Residents pack town hall meeting to discuss public safety

Residents pack town hall meeting to discuss public safety

MEMPHIS, Tenn. (WMC) - Some Memphis residents packed a town hall meeting Thursday to learn more about keeping their neighborhoods safe.

“Well we’ve had a lot of car break-ins in my neighborhood,” said Victoria Beard, who lives in the Fox Meadows community.

Beard was one of several people who came out to Shelby County Commissioners Van Turner and Eddie Jones town hall meeting.

Both commissioners have 25 sky cop cameras designated for their district and wanted input from citizens about where to put them.

“But we always caution the citizens that cameras are not a substitution for strong communities, strong neighborhoods,” said Deputy Chief Dan Crowe, Memphis Police Department.

While sky cop cameras were on the flyer, something else was on the minds of these citizens.

“Well I wanted to see what was going on as far as safety for the neighborhood where the cameras are going to be and feel a little more safe in the neighborhood and I also wanted to find out more as far as the wheel tax,” said Beard.

County commissioners are discussing a current proposal on the table that would raise the existing $50 county wheel tax, paid through car registrations, by $20.

If passed, $50 of the wheel tax would continue to fund education and revenue from the additional $20 would fund MATA.

Commissioners will discuss it further Monday.

“I don't understand the rush to do this in January and it don't take effect until July. Give us an opportunity to look at other options,” said Jones.

Shelby County Mayor Lee Harris pitched a different option.
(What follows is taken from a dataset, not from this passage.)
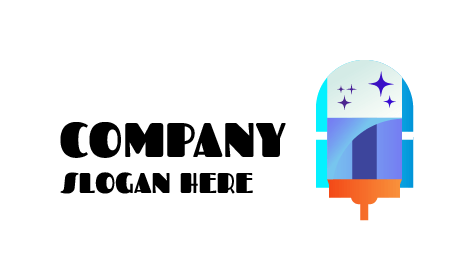 Sparkling Pane Cleaning Logo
He wants to charge every household a $145 sustainability fee after their second vehicle registration.

Commissioner Jones told the audience he seriously doubts if the mayor’s plan will come to fruition.

As far as the sky cop cameras are concerned, Commissioner Jones says he wants to give priority to locations where illegal dumping is an issue.

MPD also has a few locations that they have identified as “hot spots” that may need the cameras as well.